My mom always talked about him.
So probably, you know, my earliest memory, when I was five, six, probably, because she always talked about her family, and always included Burleigh.
(soft piano music) - We started out financially well off, but the Depression caught us, when I was about in the second grade.
- Every night we had our family meal together, and around the big oak table in the kitchen, where everyone sat.
He loved mashed potatoes, always would clean up all the mashed potatoes, and the steam from hot mashed potatoes.
And I can see him sitting at the table.
- They'd gotten in trouble in school.
He and Ralph would have to go sit by Uncle Donald, because Uncle Donald was the one that never got in trouble.
And he was like the perfect one.
- He had the football and came at me head first, and right into my, knocked the wind right out of me (laughs).
- And then there was the time that she says she remembers that, she remembers Grandpa yelling in the morning, "Where's my car," because apparently he'd run it into the ditch the night before.
- He had a wave in the front of his hair, right like that, and standing in front of the mirror combing that wave.
It had to be just perfect before he walked out to school in the morning (laughs).
- He and my other brother Ralph, during the high school years, met two girls from an adjacent town, and they were back and forth all the time.
- Her name was Elva Murray.
They used to call her Chuckie, and on the side of the pictures of the planes is "Chuckie."
Yeah, and we always called her Chuckie, yeah.
(rousing newsreel music) - [Narrator] The greatest double-cross in history.
Jap envoys talk peace in Washington.
Jap planes, without warning, bring war to America.
Our great Pacific outpost in the Hawaiian Islands is ruthlessly bombed, as Japan's perfidious declaration of war.
Death and destruction unleashed on a nation at peace.
But overnight, this nation was united in an all out determination to avenge the hideous assault on American lives and property.
- [Madelyn] When the news came over the radio- - [Announcer] Pearl Harbor.
- We knew that was going to be life-changing, because we knew that our brothers would be involved.
- Don, the oldest brother, volunteered and went into the U.S.
Army Air Force.
The middle brother, Ralph, wanted to get in, but because his eyesight wasn't as good, he wasn't allowed to.
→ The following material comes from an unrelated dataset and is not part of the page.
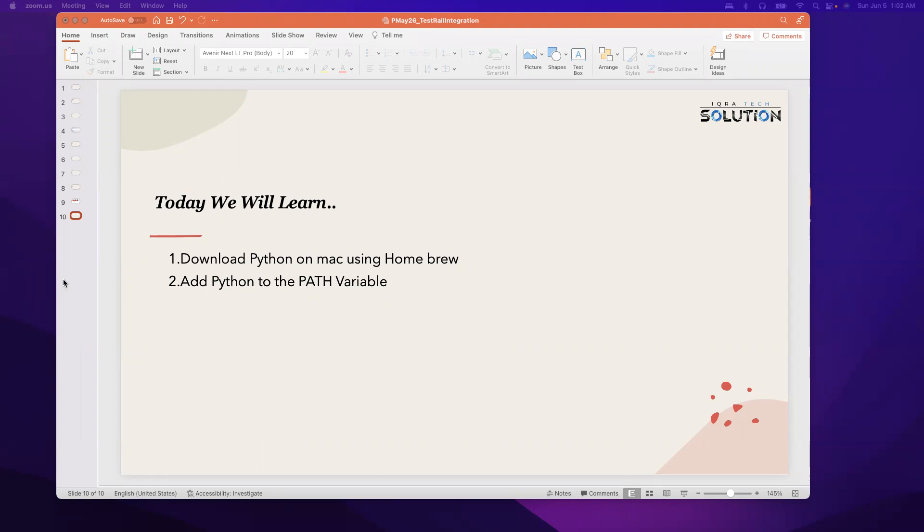So today we will learn how to download Python on Mac using Homebrew, add Python to the path variable. In an earlier video we learned how to download Homebrew from the Homebrew official site. So today we will learn how to use Homebrew to download a Python specific version.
And so he enlisted in another civil service.
And the youngest brother, Burleigh, wanted to be in.
And he always wanted to be a Air Force pilot.
- From the day after Pearl Harbor, he never thought about nothing except getting what he had to have to get into the Air Corps at that time.
- And he was the only one of the five of us who did not take college prep.
And so he had to have advanced math and he wanted to fly.
They wouldn't accept him.
So he saved his money from working on a farm, that's the work they could find, went into Boston on the train, picked up the advanced math, so he wouldn't be drafted into regular, and he joined the regular Army Air Force.
- And then on May 20th, 1942, he began his bootcamp, and went off and took his training for bootcamp.
And after the bootcamp, he was chosen to serve as a fighter pilot.
And being a fighter pilot was a very big honor.
So he went to training out in Arizona, came back to Westover, Mass., Westover Air Force Base in Massachusetts, and then out into New York State, and learned to fly the P-47, the Thunderbolt.
[Announcer] - America's newest fighter plane.
The P-47 Thunderbolt has left the drafting boards and is now in mass production.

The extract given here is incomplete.